The analyzer includes synonyms when it builds the index, and does not add synonyms when it is used to process a query.


Solution

  • For the "note", "notes", "notice", "notification" list of synonyms:

    It is possible to build an index of the above synonyms so that every query listed in the question will find all three documents - including the phrase searches without the need for any ~n proximity searches.

    I see there is a separate question for the other list of synonyms "subtree", "sub tree", "sub-tree" - so I will skip those here (I expect the below approach will not work for those, but I would have to take a closer look).
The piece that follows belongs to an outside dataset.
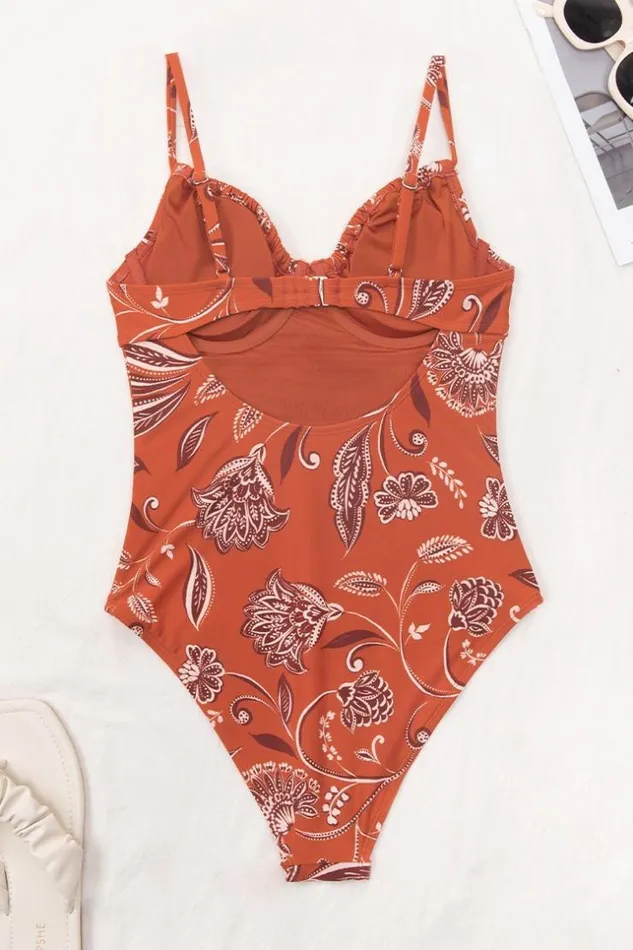 Women Tummy Control Swimsuits Cupshe Boho Impression Underwire Tie Front One Piece Swimsuit Orange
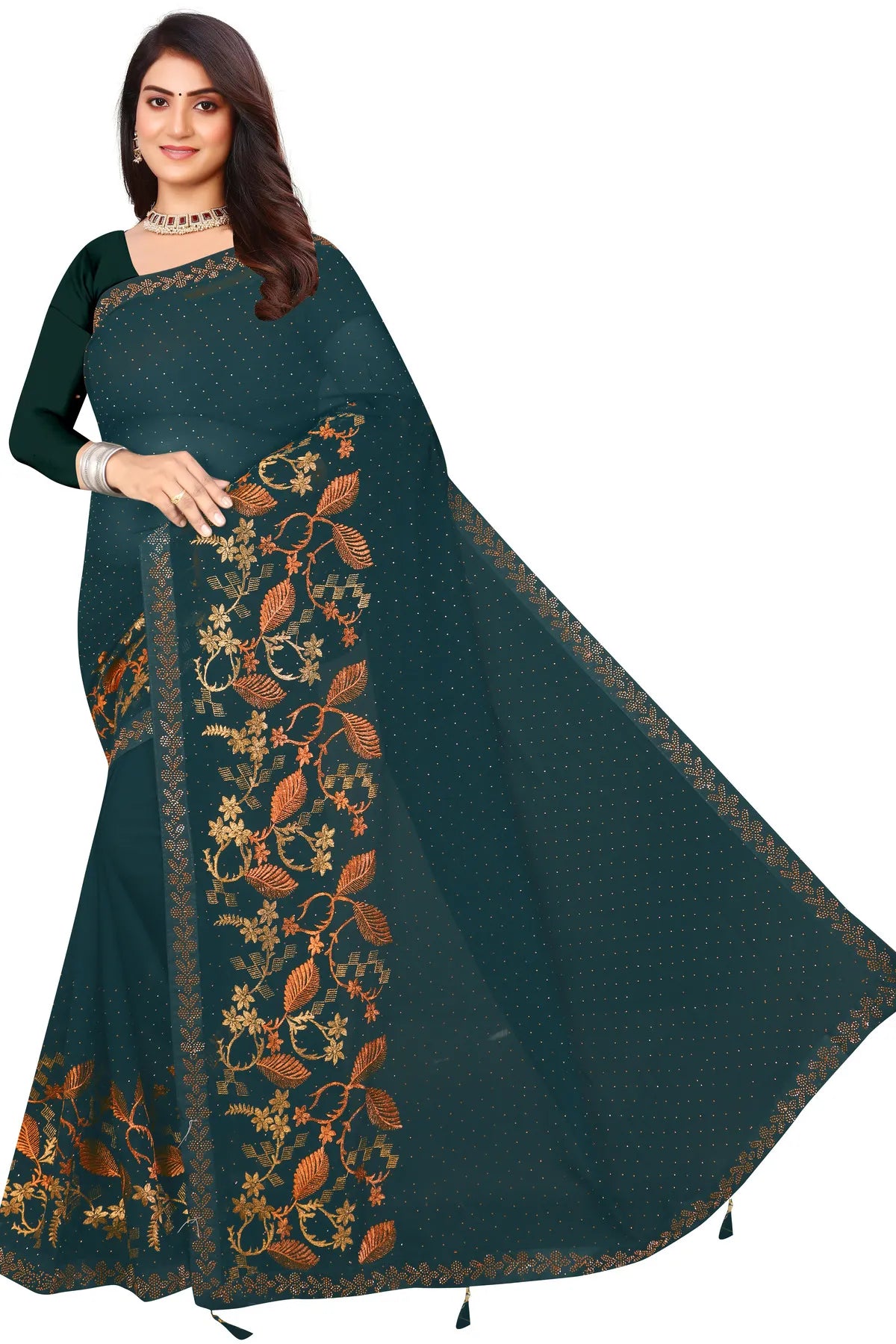 Enchanted Sparkle Shimmer Chiffon Sarees D16-Green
    The solution is straightforward, and it's based on a realization that I was (in an earlier question) completely incorrect in an assumption I made about how to build the synonyms:

    You can place multiple synonyms of a given word at the same position as the word, when building your indexed data. I incorrectly thought you needed to provide the synoyms as a list - but you can provide them one at a time as words.


    Here is the approach:

    My analyzer:

    Analyzer analyzer = new Analyzer() {
        @Override
        protected Analyzer.TokenStreamComponents createComponents(String fieldName) {
            Tokenizer source = new StandardTokenizer();
            TokenStream tokenStream = source;
            tokenStream = new LowerCaseFilter(tokenStream);
            tokenStream = new ASCIIFoldingFilter(tokenStream);
            tokenStream = new SynonymGraphFilter(tokenStream, getSynonyms(), ignoreSynonymCase);
            tokenStream = new FlattenGraphFilter(tokenStream);
            return new Analyzer.TokenStreamComponents(source, tokenStream);
        }
    };
    

    The getSynonyms() method used by the above analyzer, using the note,notes,notice,notification list:

    private SynonymMap getSynonyms() {
        // de-duplicate rules when loading:
        boolean dedup = Boolean.TRUE;
        // include original word in index:
        boolean includeOrig = Boolean.TRUE;
    
        String[] synonyms = {"note", "notes", "notice", "notification"};
    
        // build a synonym map where every word in the list is a synonym
        // of every other word in the list:
        SynonymMap.Builder synMapBuilder = new SynonymMap.Builder(dedup);        
        for (String word : synonyms) {
            for (String synonym : synonyms) {
                if (!synonym.equals(word)) {
                    synMapBuilder.add(new CharsRef(word), new CharsRef(synonym), includeOrig);
                }
            }
        }
    
        SynonymMap synonymMap = null;
        try {
            synonymMap = synMapBuilder.build();
        } catch (IOException ex) {
            System.err.print(ex);
        }
        return synonymMap;
    }
    

    I looked at the indexed data by using org.apache.lucene.codecs.simpletext.SimpleTextCodec, to generate human-readable indexes (just for testing purposes):

    IndexWriterConfig iwc = new IndexWriterConfig(analyzer);
    iwc.setOpenMode(OpenMode.CREATE);
    iwc.setCodec(new SimpleTextCodec());
    

    This allowed me to see where the synonyms were inserted into the indexed data. So, for example, taking the word note, we see the following indexed entries:

      term note
        doc 0
          freq 1
          pos 2
        doc 1
          freq 1
          pos 2
        doc 2
          freq 1
          pos 2
    

    So, that tells us that all three documents contain note at token position 2 (the 3rd word).

    And for notification we see exactly the same data:

      term notification
        doc 0
          freq 1
          pos 2
        doc 1
          freq 1
          pos 2
        doc 2
          freq 1
          pos 2
    

    We see this for all the words in the synonym list, which is why all 8 queries return all 3 documents.